Now, I’m not advocating that teens be allowed to see EVERYTHING that comes along. That would be just as foolish as not letting them see anything. But I think lowering the R rating would make parents more aware of their responsibility to make informed choices. They will still have the option of saying, “no, I don’t want you to see that movie.” But they might actually use it if they think there’s a chance their kids might see something truly objectionable. Put a little fear into them and maybe they’ll start doing their jobs again.

This way, the system would shift just enough to make a difference. Films that are relatively tame and harmless would go back to getting a PG – stuff like Mean Girls and National Treasure would fall into that category. But here’s the catch; the truly “adult” films, that teens really shouldn’t see, could be given an NC-17 (or whatever arbitrary number they choose to enforce). That way, the teens can have their movies and the adults can have ours. And the NC-17 rating would finally mean something to people besides being wrongly confused with pornography.
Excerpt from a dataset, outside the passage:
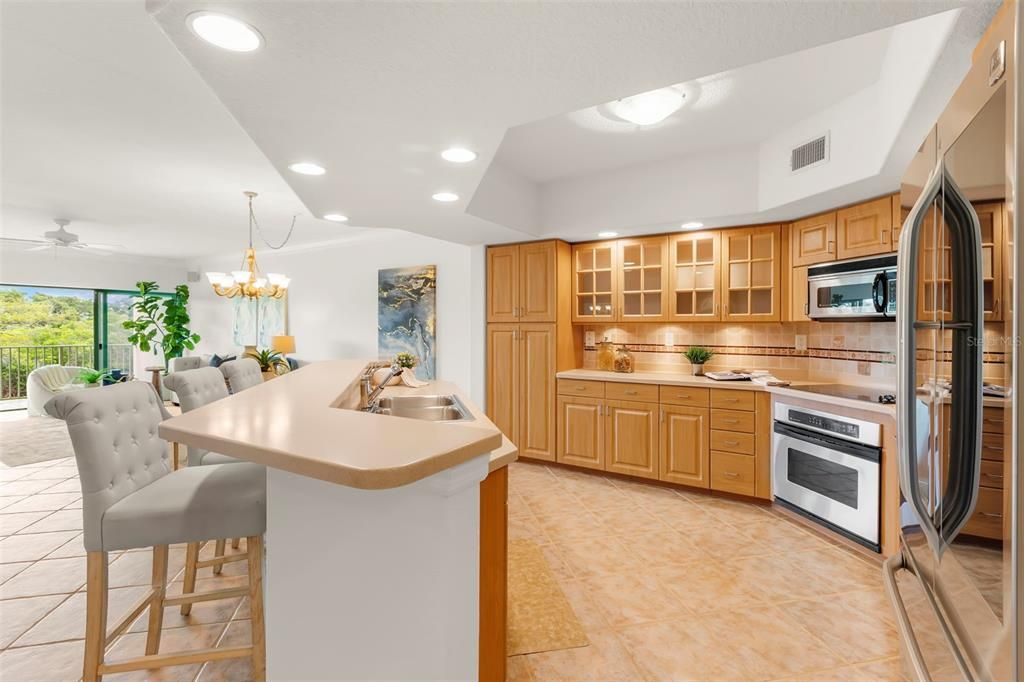For Sale: $879,000 (3 beds, 3 baths, 2000 Square Feet)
It would actually be used and enforced, because the studios and theater chains wouldn’t have any choice.

Best of all, the studios wouldn’t feel the need to cut R-rated movies down to a PG-13 to appeal to the 13-16-year-old ticket buyers. They wouldn’t have to.

Of course I realize that the conservative watchdogs would never allow this to happen, at least not without a fight. I get a headache just thinking about the uproar this would cause.
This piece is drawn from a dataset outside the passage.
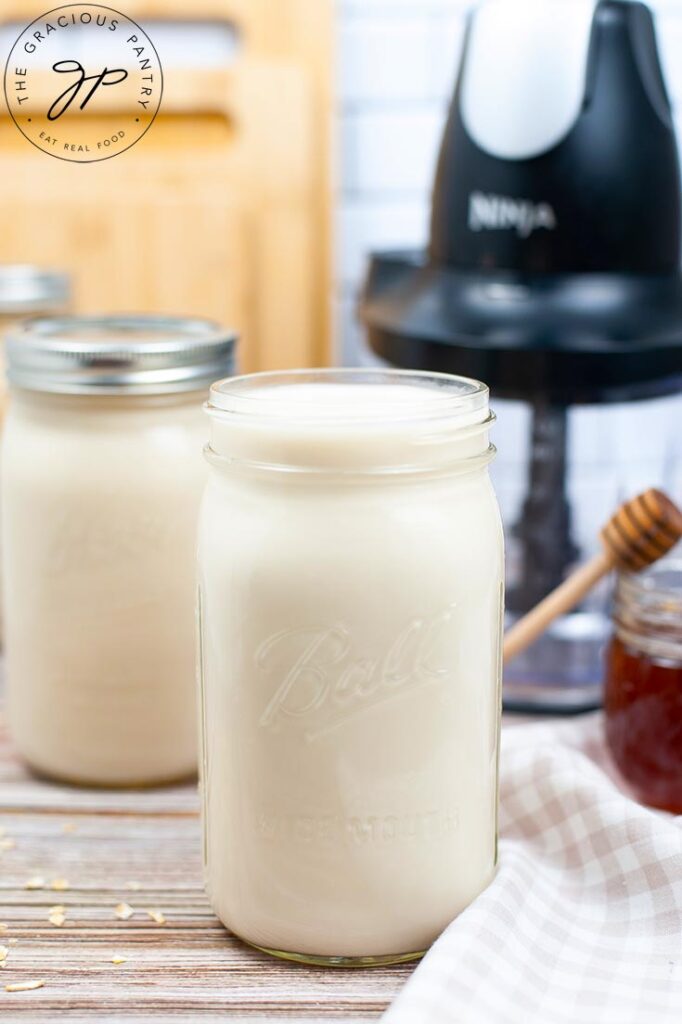 How to Make Homemade Oat Milk in a Blender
So here’s another solution: we all collectively agree to let the teens see “their” movies, the ones that are aimed specifically at them. If a movie looks like it was made for 13-year-olds, it probably was. It’s not hard to differentiate them. And we keep “our” adult-themed films for ourselves.
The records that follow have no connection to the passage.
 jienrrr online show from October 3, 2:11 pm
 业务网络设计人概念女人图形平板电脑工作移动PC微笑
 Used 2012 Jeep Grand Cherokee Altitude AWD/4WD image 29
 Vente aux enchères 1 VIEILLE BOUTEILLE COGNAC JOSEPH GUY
Think about this; how many teenagers were really dying to see Bertolucci’s The Dreamers? As chock-full of sex and nudity as it was…not many. That’s not just because it was rated NC-17 – it’s because nobody told them about it. Teenagers generally aren’t aware of anything outside their own myopic demographic stratosphere. How many teens are clamoring to get in to see Closer or Kinsey? My guess is, not many. Because, just like with my 7-year-old nephew, these films aren’t for them. They don’t run tons of ads for these films on MTV or The O.C. They’re too “serious” and “adult”, which equals “boring” in teen minds. If they knew what was actually going on in these movies, they might take a different view. But they don’t know. They haven’t got a clue.

We can use this to our advantage, people. It may seem like a lot of work, but it’s the best choice we have. You’re a parent and you want to keep your teens away from an R-rated movie? Tell them you think it looks good, and you want to go with them. They won’t go near that movie with a ten-foot pole.